Scraped caption text data
Content starts
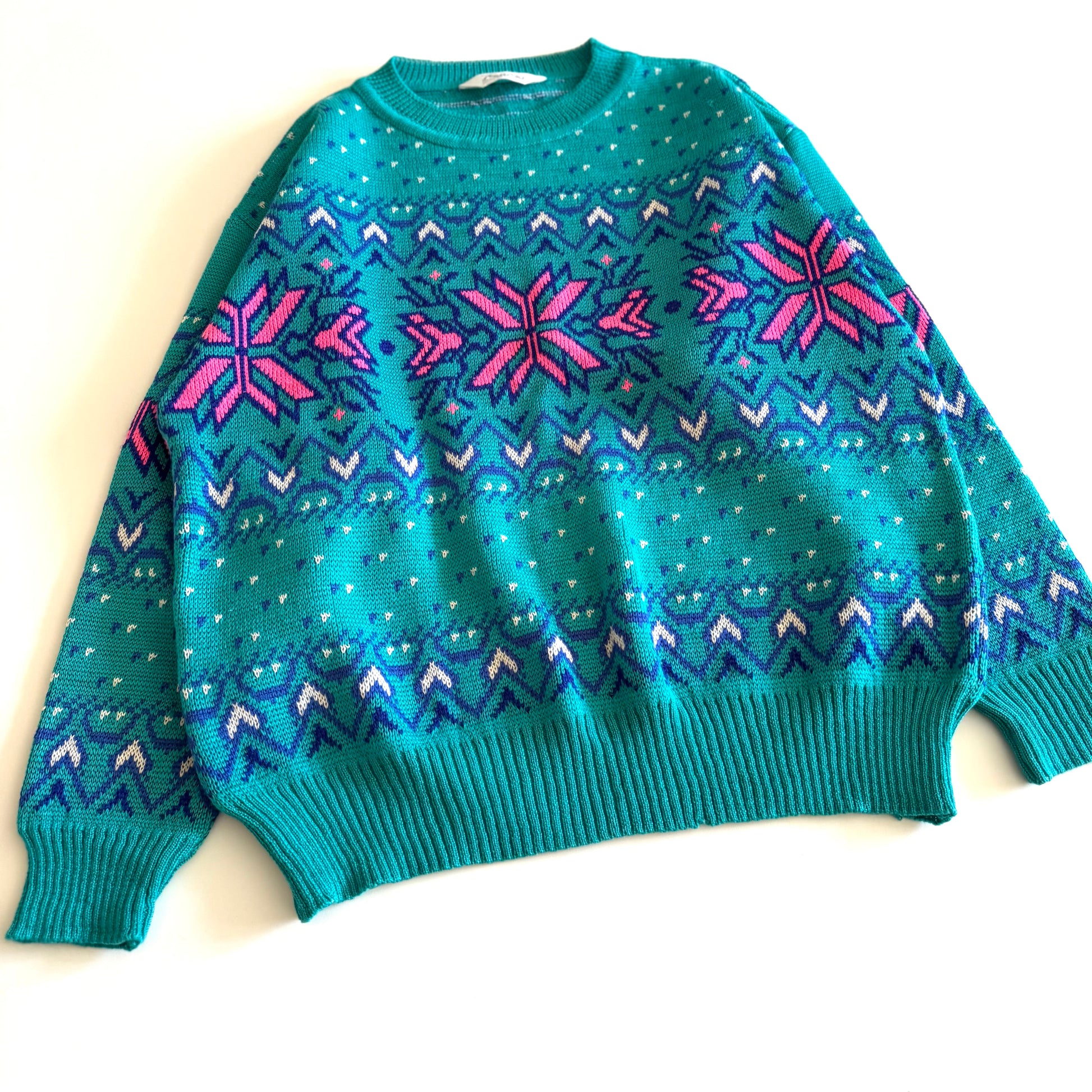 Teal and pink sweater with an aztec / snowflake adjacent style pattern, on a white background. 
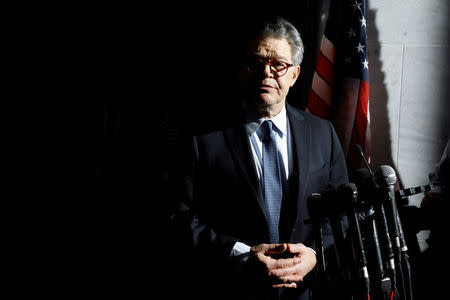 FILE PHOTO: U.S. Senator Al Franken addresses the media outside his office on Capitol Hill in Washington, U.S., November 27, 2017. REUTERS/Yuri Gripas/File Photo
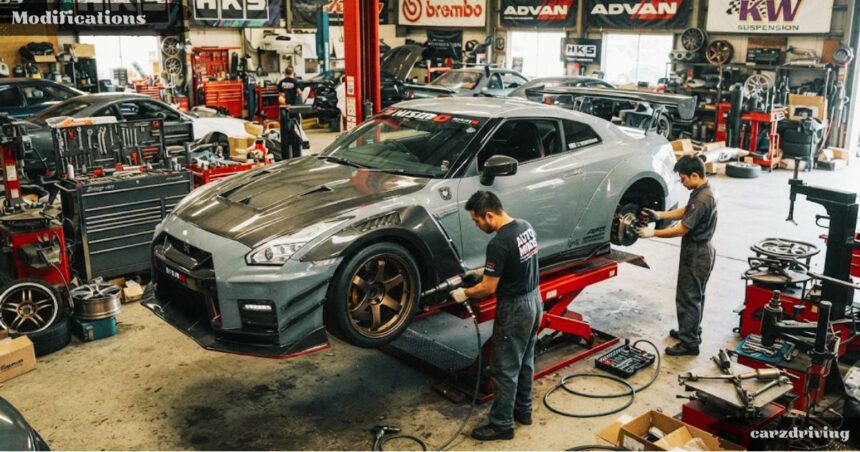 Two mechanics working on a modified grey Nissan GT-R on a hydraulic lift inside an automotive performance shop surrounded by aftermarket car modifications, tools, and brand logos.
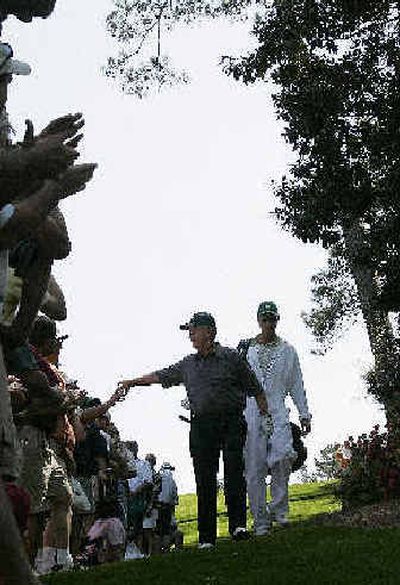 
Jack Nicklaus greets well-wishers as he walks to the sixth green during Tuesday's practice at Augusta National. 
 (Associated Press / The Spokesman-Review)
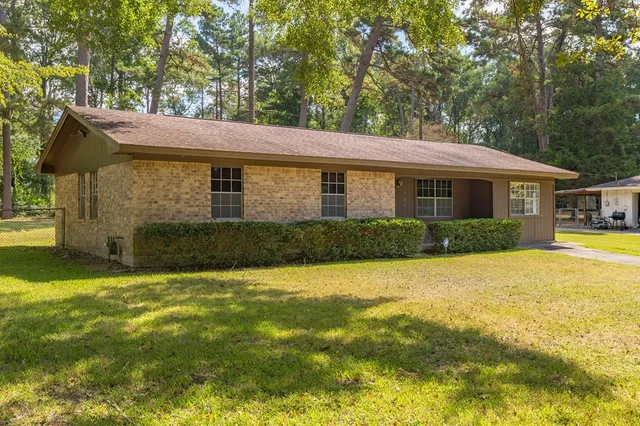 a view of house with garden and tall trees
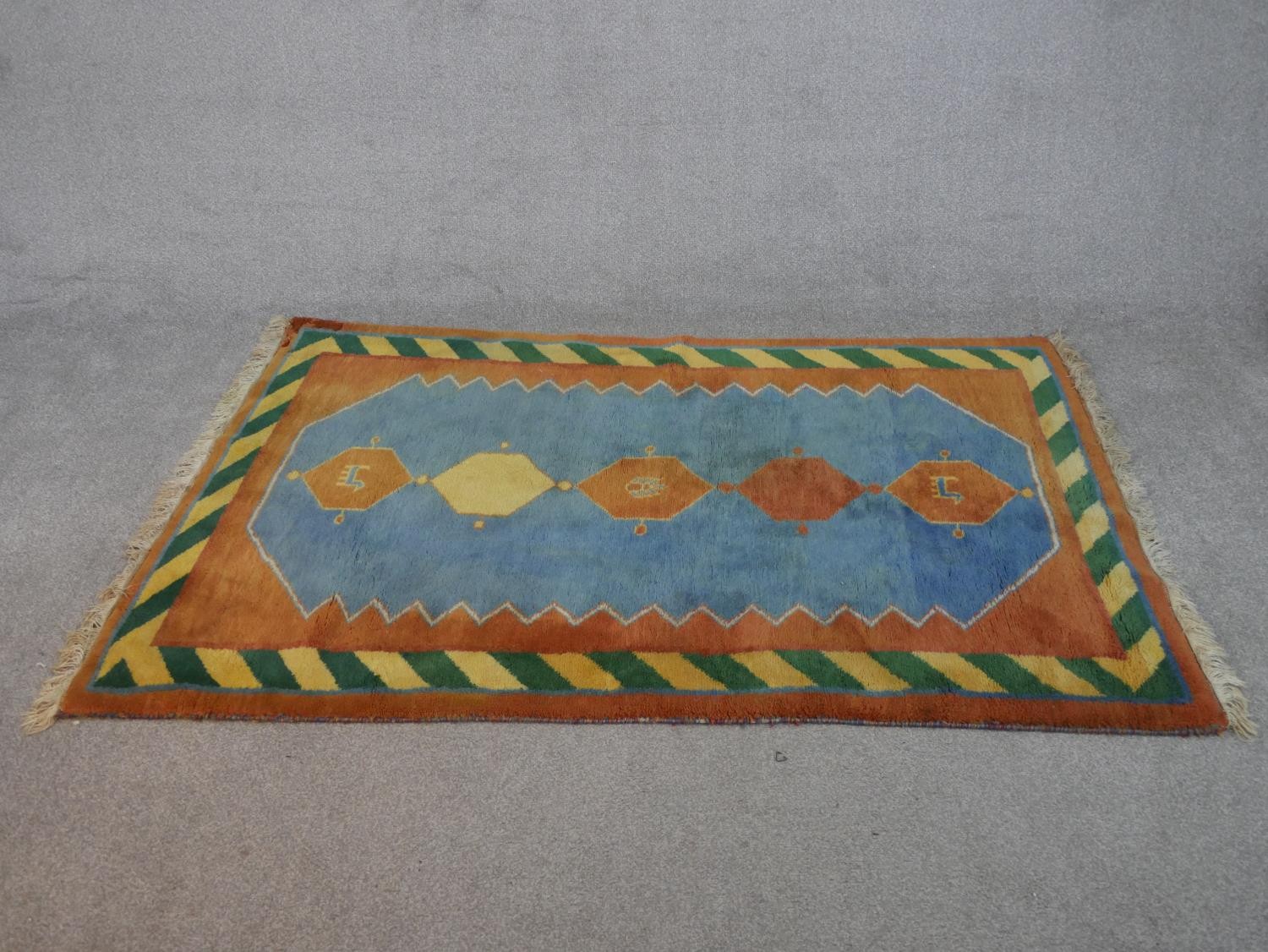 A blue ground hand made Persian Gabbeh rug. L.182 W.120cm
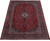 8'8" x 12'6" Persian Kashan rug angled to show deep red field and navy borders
Content ends
- **Exercise brief**
From the line containing "(Associated Press / The Spokesman-Review)" down to the last line of the records above, repeat every line exactly and nothing else, dropping any pictures.

- **Response to the task**
 (Associated Press / The Spokesman-Review)
 a view of house with garden and tall trees
 A blue ground hand made Persian Gabbeh rug. L.182 W.120cm
 8'8" x 12'6" Persian Kashan rug angled to show deep red field and navy borders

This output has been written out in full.